There is no point in developing software if you don’t do it well. It is not about trying to achieve perfection, but our technical skills can be sharpened by constantly asking ourselves “Can we do better than this?”
Responsibility and Honesty
Software development is a team sport and nowadays the team is likely to be distributed throughout the world.
In spite of cultural differences, everyone in a team needs to be responsible and honest.
Being responsible in this particular context means fixing what you break, deliver what you promise, and provide options instead of lame excuses. Honesty involves being straight with your team. If you need help, ask instead of delaying the whole schedule.
Communication skills also play an important role while working with teams because it is how responsibilities are defined. In order to communicate in an effective manner, an outline can be sketched of the message you need to transmit.
Keep in mind that understanding your audience is crucial to for your message to be heard. If you consider their motivations and interests, it is easier to choose the relevant information that has to be shared.
Working as a Team
One of the responsibilities involve helping each other instead of blaming others. Blaming someone won’t fix the problem, so it’s better to focus that energy on fixing the bug.
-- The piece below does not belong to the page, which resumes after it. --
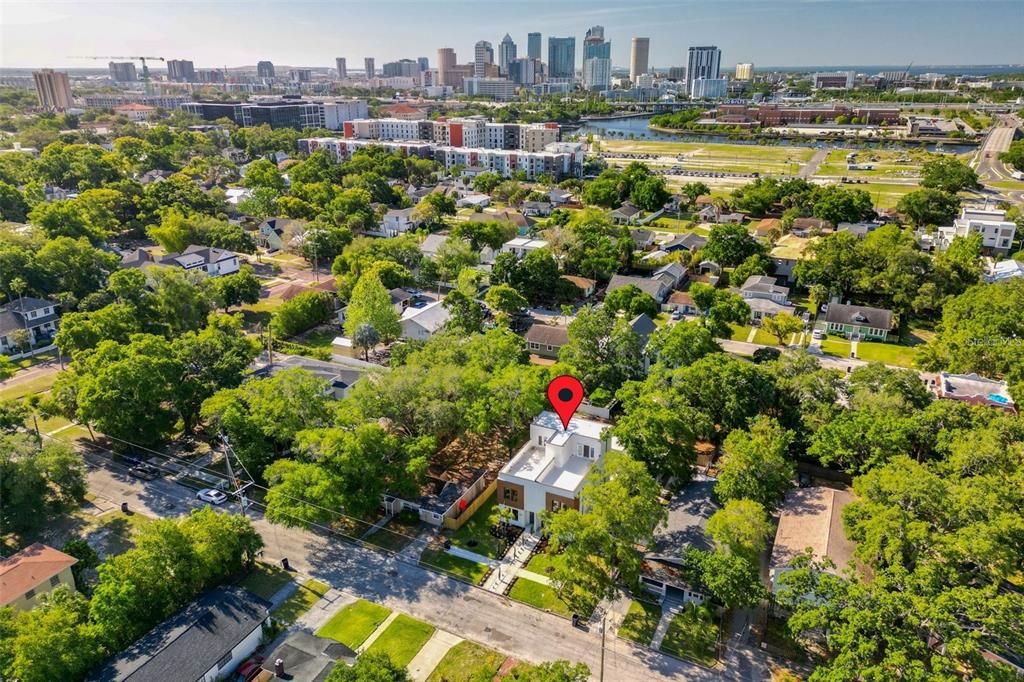 For Rent: $5,100 (3 beds, 2 baths, 2120 Square Feet)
Software can also suffer from a natural process called rotting. You have to pay attention to bad design, wrong decisions, and poor code and clean it up as soon as you discover it. Neglect will just accelerate rotting. Ignoring bugs and bad design will leave the door open for more bugs and worse design. You’ll end up with unmaintainable code.
I think this is one of the harder lessons to implement in real life.
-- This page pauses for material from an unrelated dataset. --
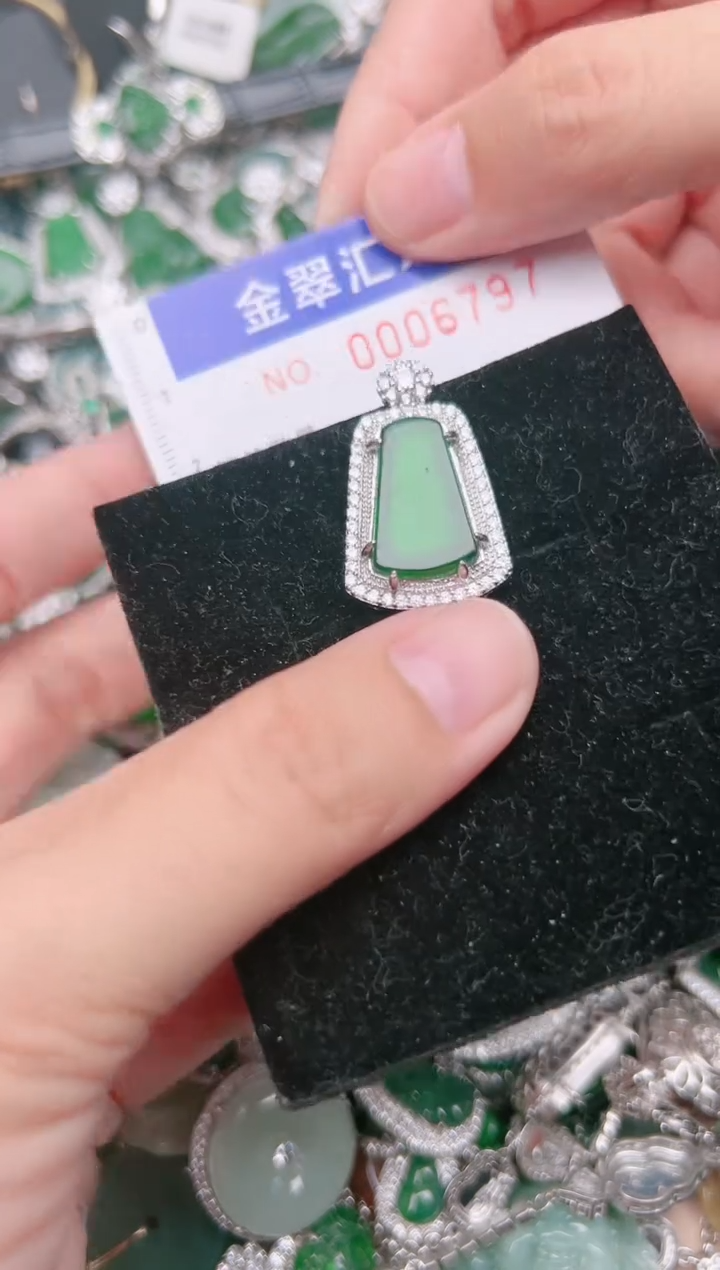 【闪购商品】翡翠颈饰未镶嵌6797.....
Create an atmosphere that encourages change. For example, if you discover dinosaur code that needs refactoring, fix it. Become a catalyst for change. Show everybody in your team how bright the future can be. Plant the seed and help them move in the right direction, to get into action and make their vision a reality.
In my perspective, it is important to show something tangible before sharing it with others. People find it easier to join an ongoing success that has a shape rather than a vague idea.
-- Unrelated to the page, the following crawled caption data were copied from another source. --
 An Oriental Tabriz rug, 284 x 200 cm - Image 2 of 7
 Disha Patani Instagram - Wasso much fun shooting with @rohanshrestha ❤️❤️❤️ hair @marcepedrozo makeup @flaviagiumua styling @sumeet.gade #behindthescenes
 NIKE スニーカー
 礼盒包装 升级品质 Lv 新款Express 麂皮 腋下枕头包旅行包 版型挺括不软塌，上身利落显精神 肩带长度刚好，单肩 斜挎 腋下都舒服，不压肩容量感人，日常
The Orthogonality Principle
Orthogonality means that changes in one place do not affect any others. It relieves the pain of interdependence and helps you improve quality.
For example, when a client makes a request, it is important to remember that it may change later.
Maybe the client changes their mind or we run into a technical obstacle. If the code is properly self-contained, independent, and has a well-defined purpose, then it will be well ready for any contingency.
I found these general tips really helpful in order to avoid simple mistakes that can get into larger problems over time. The tips that are presented on this book summarizes years of knowledge from really skilled programmers with hands-on experience in software development.
The fact that these tips are practical and not theoretical makes them even more valuable for someone who needs the knowledge that experience gives you in a really short amount of time.